■ **Task description**
Every record needs to come back as written, except for the pictures.

Data extracted from a collection

════

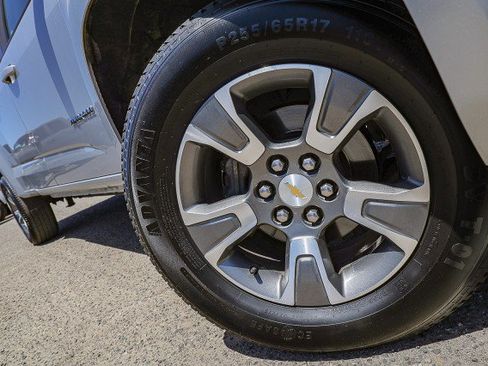 Used 2018 Chevrolet Colorado Z71 RWD image 2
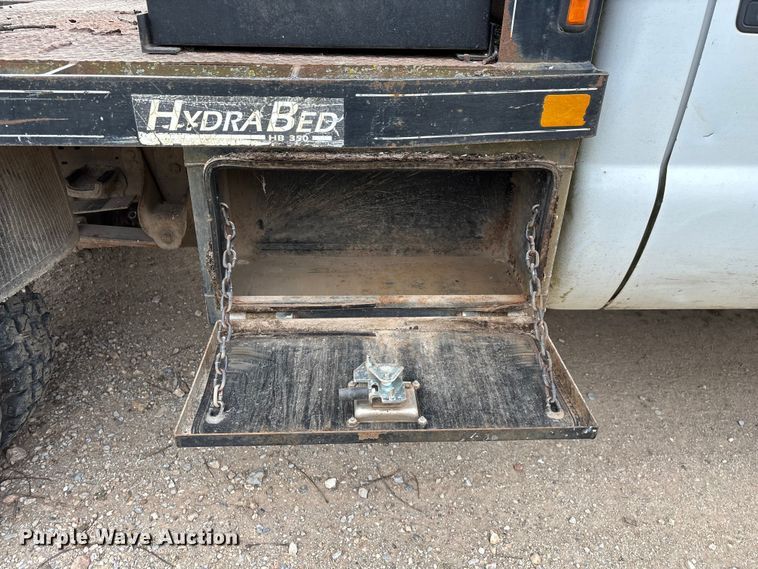 image for item FG0027 2003 Ford F350 Super Duty bale bed pickup truck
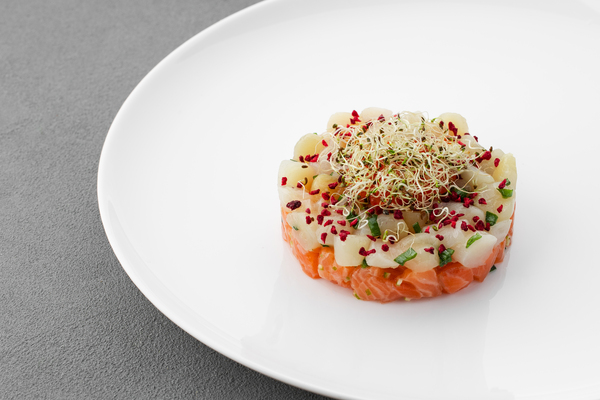 Order Tartare with salmon and scallop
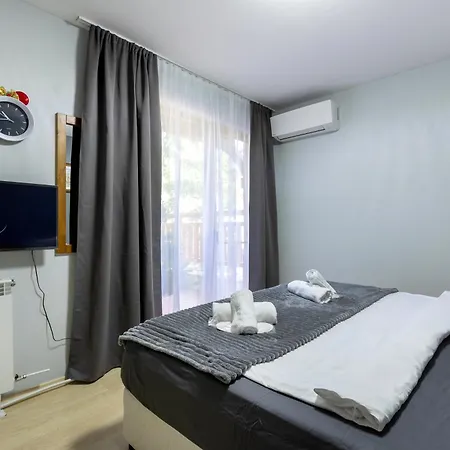 Appartement 2-room Forest Retreat - Fireplace, Veranda, Bbq, Views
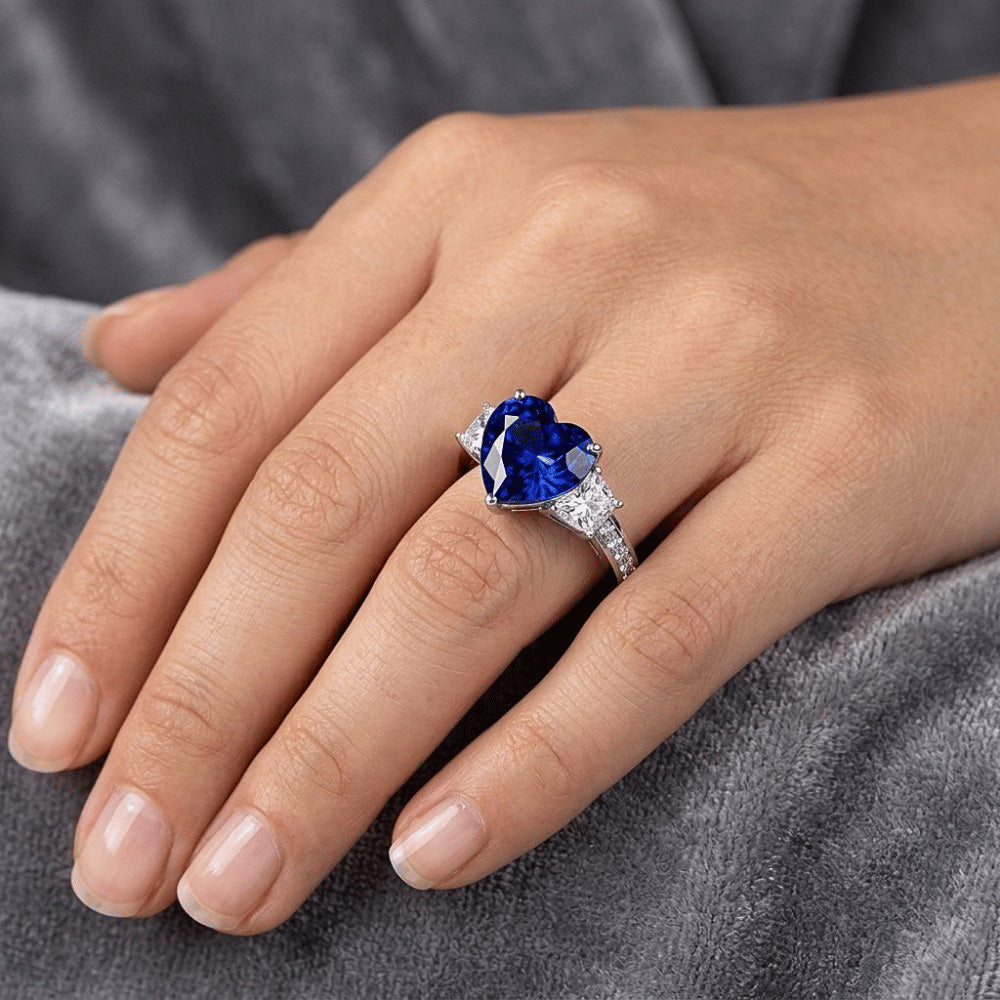 Natural Sapphire Ring 4.50ct - White Gold 14K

════

■ **Finished exercise**
 Used 2018 Chevrolet Colorado Z71 RWD image 2
 image for item FG0027 2003 Ford F350 Super Duty bale bed pickup truck
 Order Tartare with salmon and scallop
 Appartement 2-room Forest Retreat - Fireplace, Veranda, Bbq, Views
 Natural Sapphire Ring 4.50ct - White Gold 14K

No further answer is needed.